Work task:
Copy each entry precisely as written, and do not carry over the pictures.

____ Data for review

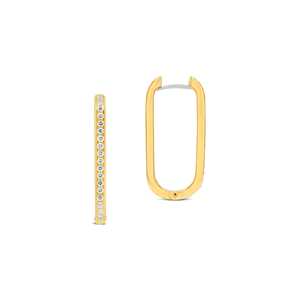 ต่างหูเพชรทรงกลมเจียระไนแบบเหลี่ยมคม น้ำหนัก 0.69 กะรัต คุณภาพ F/VS เพชรเลี้ยงในห้องปฏิบัติการ ตัวเรือนทองคำขาว 18k รูปทรงคล้ายคลิปหนีบกระดาษ - Product Image 2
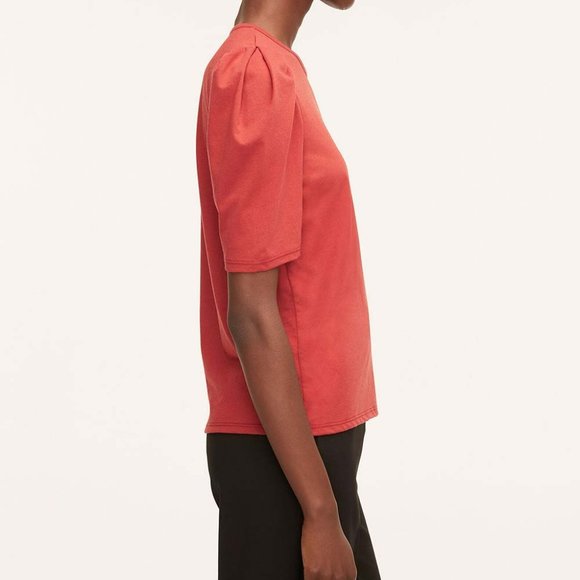 Rebecca Taylor | Red Puff-Sleeve Tee - Picture 2 of 4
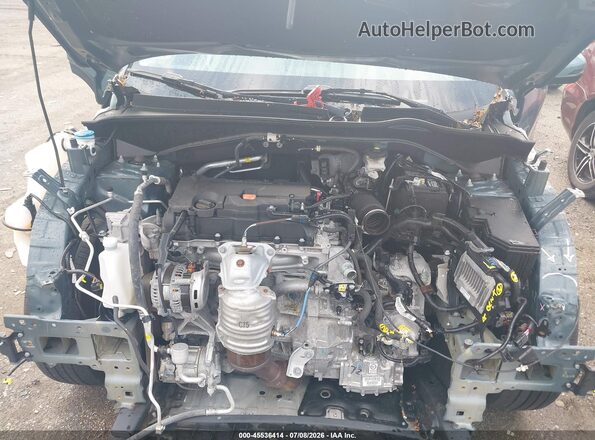 3CZRZ2H38RM740648 2024 HONDA HR-V Blue Rear view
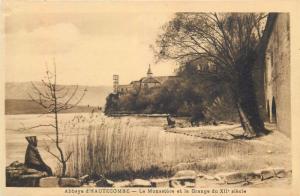  France Abbaye d` Hautecombe - Le Monastere et la Grange monastery monk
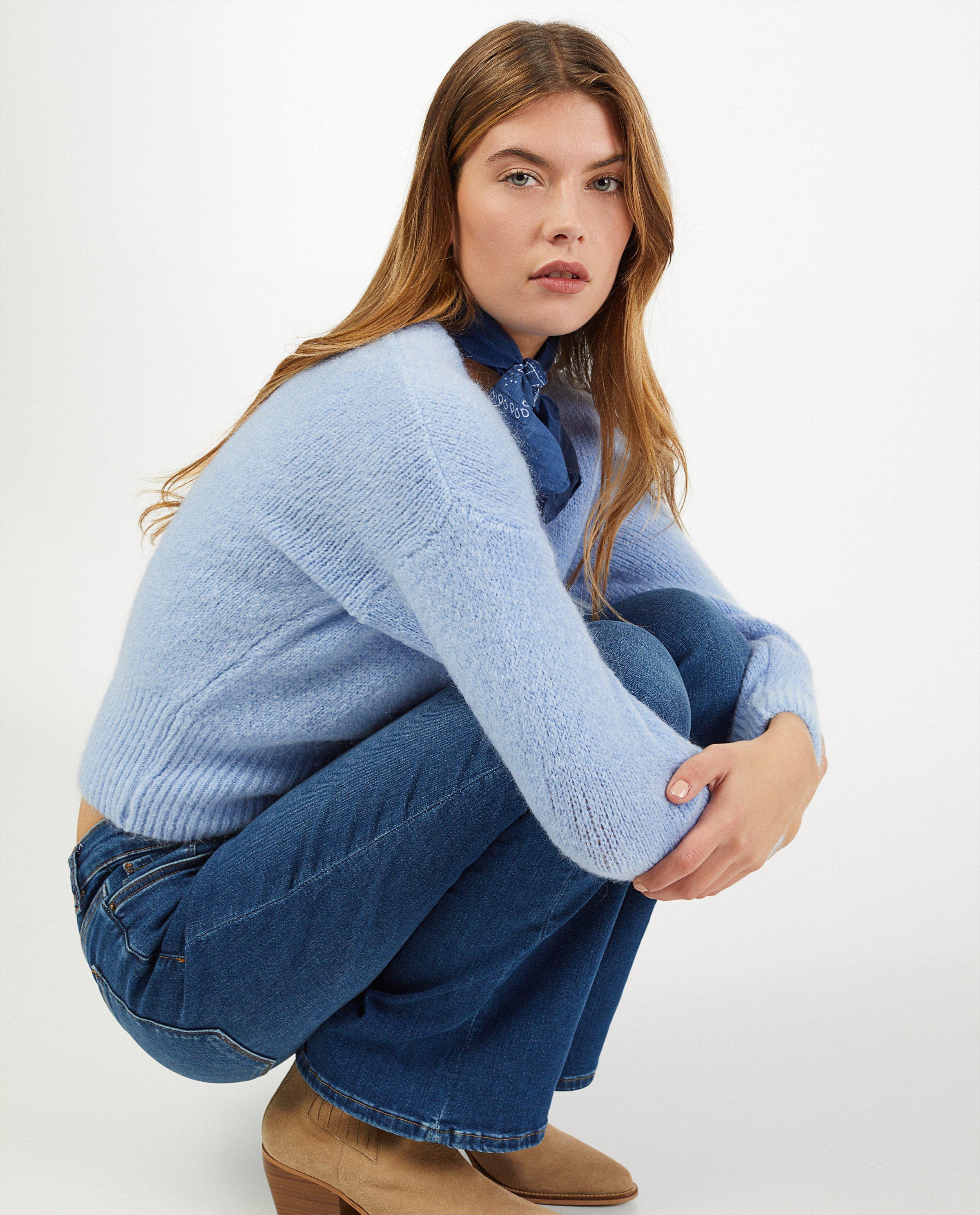 Cardigan vert - en fin tricot - Ella Italia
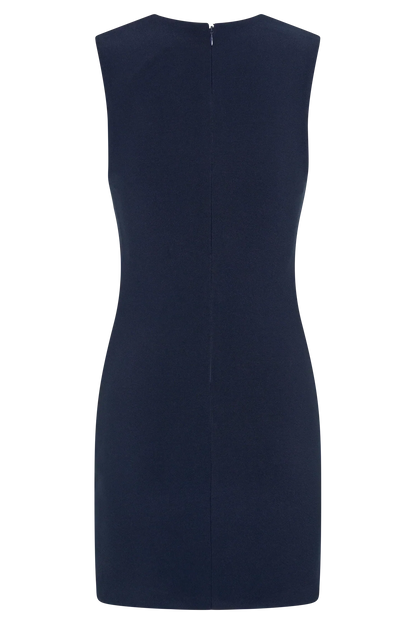Frida Crepe Mini Dress - Dark Navy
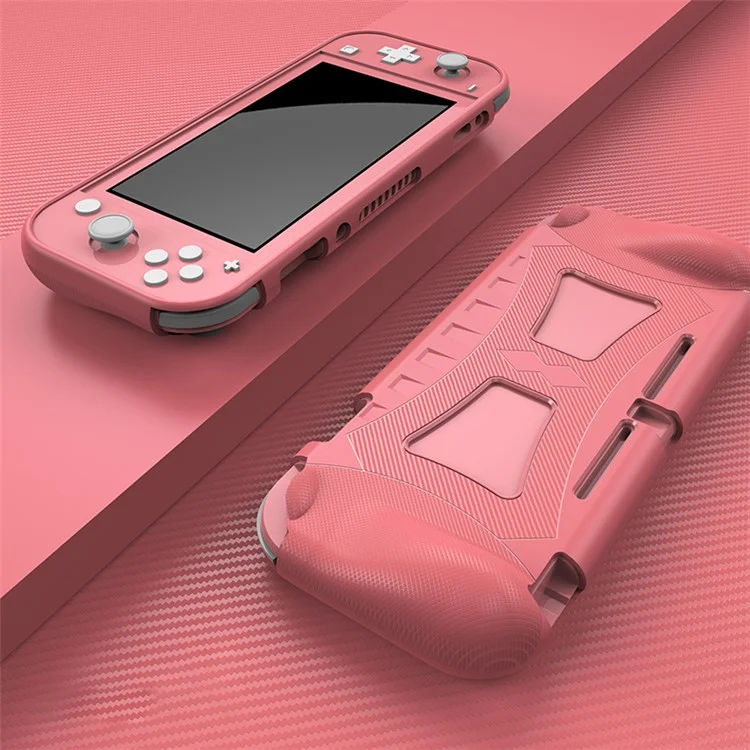 Anti Fall Soft TPU Protective Case Cover for Nintendo Switch Lite - Pink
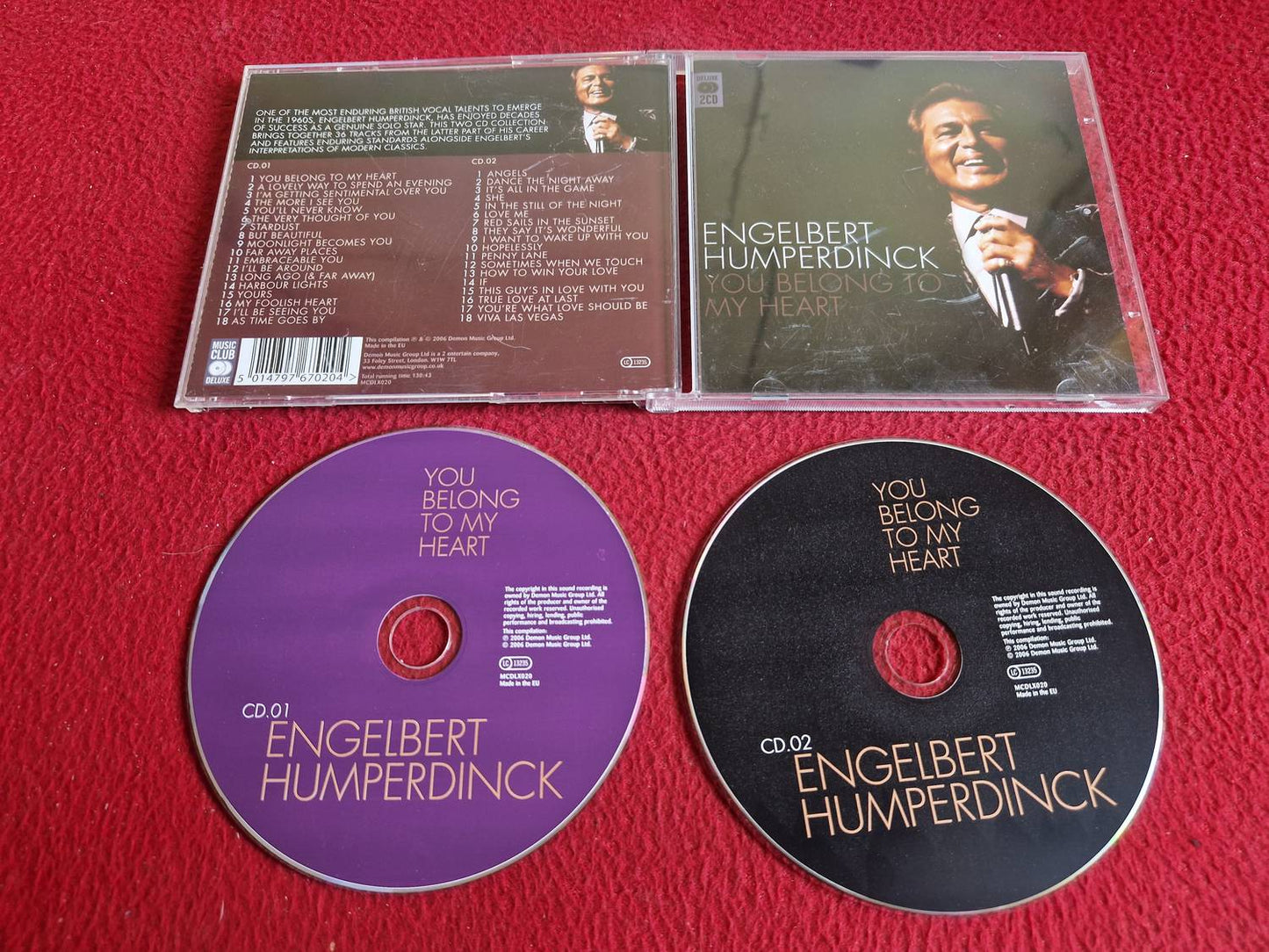 ENGELBERT HUMPERDINCK YOU BELONG TO MY HEART CD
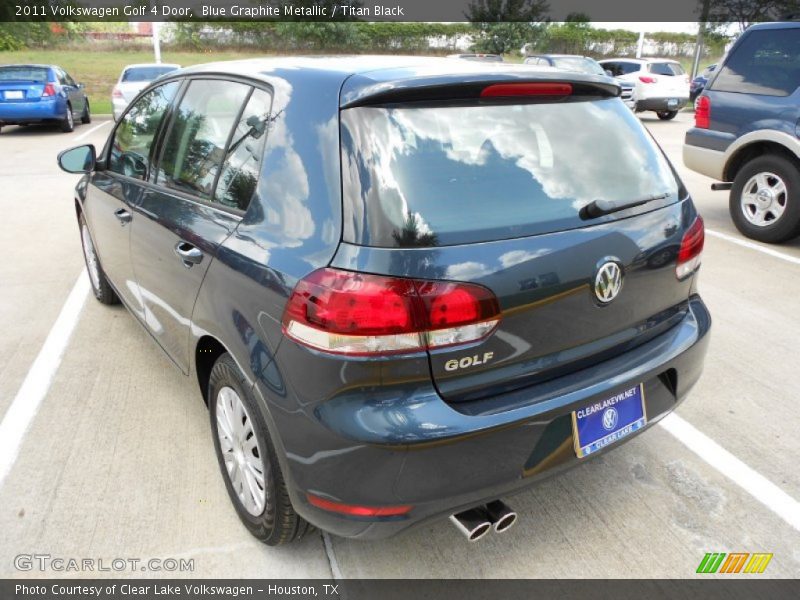 Blue Graphite Metallic / Titan Black 2011 Volkswagen Golf 4 Door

________

Completed exercise:
 ต่างหูเพชรทรงกลมเจียระไนแบบเหลี่ยมคม น้ำหนัก 0.69 กะรัต คุณภาพ F/VS เพชรเลี้ยงในห้องปฏิบัติการ ตัวเรือนทองคำขาว 18k รูปทรงคล้ายคลิปหนีบกระดาษ - Product Image 2
 Rebecca Taylor | Red Puff-Sleeve Tee - Picture 2 of 4
 3CZRZ2H38RM740648 2024 HONDA HR-V Blue Rear view
  France Abbaye d` Hautecombe - Le Monastere et la Grange monastery monk
 Cardigan vert - en fin tricot - Ella Italia
Frida Crepe Mini Dress - Dark Navy
 Anti Fall Soft TPU Protective Case Cover for Nintendo Switch Lite - Pink
 ENGELBERT HUMPERDINCK YOU BELONG TO MY HEART CD
 Blue Graphite Metallic / Titan Black 2011 Volkswagen Golf 4 Door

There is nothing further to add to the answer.